Five Pillars of Marketing Reach
Let’s talk about octopi. They’re actually a little bit like your nightmares come to life. Whatever you do, don’t Google them, and don’t watch a YouTube video called “Octopus Houdini.” I digress, but the reason I’m using these creepy creatures for context in my post about book marketing is the fact they’re the smartest invertebrates, incredibly flexible, and really great at using each of their eight arms to get what they need.
With all due respect, let’s forget Amanda Hocking for a moment. I’m about to explain why marketing your books like an octopus is the best idea of all time. Octopi wouldn’t survive long in the wild with a single arm. Likewise, you won’t survive long in the cutthroat ocean of indie or self-published book marketing if you don’t leverage each of the five most suction-cuppy arms of a good online marketing strategy:
Arm #1: Your Personal Brand
When I say Lexus, you probably think luxury. When I say J.K. Rowling, you think Harry Potter, philanthropy, and social activism. These automatic associations are branding done the right way. Carnival Cruise, on the other hand, probably has some less-than-positive connotations among most of us at this point.
Personal branding sometimes gets a bad rap, but it’s well worth discussion.
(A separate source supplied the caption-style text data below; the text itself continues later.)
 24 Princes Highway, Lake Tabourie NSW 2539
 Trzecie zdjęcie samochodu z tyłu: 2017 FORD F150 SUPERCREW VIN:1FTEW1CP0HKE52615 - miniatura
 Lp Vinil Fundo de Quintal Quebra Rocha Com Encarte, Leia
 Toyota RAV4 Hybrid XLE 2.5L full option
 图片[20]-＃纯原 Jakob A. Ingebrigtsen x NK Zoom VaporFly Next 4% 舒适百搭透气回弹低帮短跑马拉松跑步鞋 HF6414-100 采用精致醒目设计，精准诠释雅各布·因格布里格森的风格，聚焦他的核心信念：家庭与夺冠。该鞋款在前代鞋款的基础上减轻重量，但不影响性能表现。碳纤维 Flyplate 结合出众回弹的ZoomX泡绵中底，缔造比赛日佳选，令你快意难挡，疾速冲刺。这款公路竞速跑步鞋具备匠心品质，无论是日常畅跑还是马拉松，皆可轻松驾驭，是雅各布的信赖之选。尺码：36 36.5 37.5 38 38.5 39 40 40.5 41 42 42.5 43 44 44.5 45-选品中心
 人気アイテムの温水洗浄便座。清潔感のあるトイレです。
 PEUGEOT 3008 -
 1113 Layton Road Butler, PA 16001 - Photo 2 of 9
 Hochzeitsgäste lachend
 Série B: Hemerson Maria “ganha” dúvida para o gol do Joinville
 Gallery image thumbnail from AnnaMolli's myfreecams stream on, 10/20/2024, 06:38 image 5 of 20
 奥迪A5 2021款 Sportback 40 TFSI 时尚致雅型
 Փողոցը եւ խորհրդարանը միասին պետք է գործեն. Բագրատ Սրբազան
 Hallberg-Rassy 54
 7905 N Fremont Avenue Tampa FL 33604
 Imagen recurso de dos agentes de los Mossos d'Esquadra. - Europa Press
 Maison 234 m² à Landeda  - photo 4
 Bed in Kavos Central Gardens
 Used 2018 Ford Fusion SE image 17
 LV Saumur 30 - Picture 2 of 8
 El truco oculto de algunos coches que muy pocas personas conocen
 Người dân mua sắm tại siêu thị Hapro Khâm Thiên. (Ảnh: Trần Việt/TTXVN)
As my buddy Nando Rodriguez of Ogilvy + Mather puts it, think of “your personal brand as an identity that puts you at a 360-degree view.” Identify your unique selling points, know how you fit into your genre, and drive it home on your marketing platforms.
Arm #2: Your Blogging
When an author recently asked me what the single most important component of their marketing strategy should be, my answer was blogging. Something like 97% of consumers start looking for products on a search engine, but only 4% of first-time visitors to your website are ready to make a purchase. Having engaging content that’s targeted to your readers, not necessarily other authors or your friends, is key to making that instantaneous connection, so they’ll come back to you when they’re ready to buy.
While I believe producing blog content that readers want to bookmark and share should be our primary goal, positive search engine optimization (SEO) is also a bonus. Google loves websites that add fresh content on a regular basis, and studies routinely show consumers are lazy and pick one of the top search results. As a reward for all your hard work, you’ll start to steal one of the top spots for the words relevant to what you do, like “Indie chick-lit about teachers.”
Arm #3: Social Media
Every day, more than a half billion new Tweets are generated, which is more books than exist in the world. Social media is a nearly ubiquitous tool, and your challenge as an author is to stand out amidst the noise. Post invaluable content, build genuine relationships, and perhaps most importantly, let other authors bask in your limelight once in awhile.
Arm #4: Email Marketing
There’s no single marketing tactic that’s more divisive than email marketing. Honestly, I’m a fan because it works, and it has the highest return on investment (ROI) of any form of marketing. Follow the Federal Trade Commission’s Can-SPAM act to the letter, and don’t add any contacts who haven’t specifically opted into communication. Use your email list as a tool for relaying extra important and relevant information to people who already love you, and you’ll be thrilled with the results.
Arm #5: Your Website
People really hate slow-to-load websites that look like they’re stuck in the ‘90s. 58% of consumers will actively try to avoid a brand in the future if the company’s website leaves something to be desired. Gorgeous custom web designs are pricy, but there are plenty of professional-looking WordPress templates for less than the price of 10 lattes. Believe me, a website design that means business is well worth your investment.
While these five arms are just a basic overview of the critical components of an online presence, you’ll be less agile and effective if you eliminate one. Wherever your readers are, you should be also.